In principe kent het watertransport over de helling drie componenten (zie afbeelding 2): overland flow, through flow en base flow. Hiervan is de overland flow de snelste component en de base flow de langzaamste.
Afbeelding 2: De rol van drainage aan de voet van de helling
Links een situatie met drainage door middel van greppels.
Rechts een ongedraineerde situatie, waarbij de bodem optimaal fungeert als spons.

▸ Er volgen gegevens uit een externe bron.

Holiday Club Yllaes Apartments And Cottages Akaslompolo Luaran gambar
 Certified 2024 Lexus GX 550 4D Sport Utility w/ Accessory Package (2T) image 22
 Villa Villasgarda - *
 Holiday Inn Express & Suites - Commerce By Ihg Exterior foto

De verdeling van het neerslagwater over deze drie componenten wordt bepaald door de infiltratie en percolatie van de bodem. Water kiest altijd de makkelijkste weg en in de meeste gevallen is dit infiltratie in de bodem en transport door de bodem (through flow). Alleen als het harder regent dan de grond aankan of de weg via het oppervlak erg makkelijk is gemaakt door bijvoorbeeld verharding, zal het water aan de oppervlakte blijven en via de oppervlakte afstromen (overland flow). In de andere gevallen zal het water via de ondergrondse tragere componenten – through flow en base flow – afgevoerd worden. Uiteindelijk zal het water onder in het dal een stroompje, een beek of rivier bereiken: de stream flow. Vanaf dat moment gaat het – letterlijk – razendsnel stroomafwaarts.

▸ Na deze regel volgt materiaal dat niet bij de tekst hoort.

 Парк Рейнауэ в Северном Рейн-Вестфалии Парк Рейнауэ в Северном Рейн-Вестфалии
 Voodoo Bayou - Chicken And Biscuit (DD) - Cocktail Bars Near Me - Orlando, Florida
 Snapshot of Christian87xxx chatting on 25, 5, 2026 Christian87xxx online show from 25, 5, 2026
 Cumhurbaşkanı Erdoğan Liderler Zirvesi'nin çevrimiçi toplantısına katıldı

Cruciaal: de voet van de helling De voet van de helling is cruciaal bij het transportproces: een groot deel van het water van de bovenliggende helling en het bovenliggende plateau komt hier op relatief geringe diepte langs, op weg naar de beek in het dal. Kunstmatige drainage aan de voet van de helling (veelal vanwege landbouwkundig gebruik) takt aan op dit ondiepe bodemtransport en versnelt dus de afvoer van water uit een groot gebied. Het lijkt dan logisch om te veronderstellen dat het ongedaan maken van die drainage juist het omgekeerde effect zal hebben. Hierdoor kan met een relatief klein sponsoppervlak mogelijk een relatief grote bijdrage worden geleverd aan het voorkomen van afvoerpieken benedenstrooms in de rivier.
Afbeelding 3: Verwijderen van de drainage in een klein gebied kan een groot verschil maken in de afvoer van de gehele regio.
Dit betekent voor dit relatief kleine oppervlak veelal een verandering in grondgebruik, terwijl in de rest van het gebied het landgebruik intensiever kan blijven (ill. Jeroen Helmer).
Misleid door modellen?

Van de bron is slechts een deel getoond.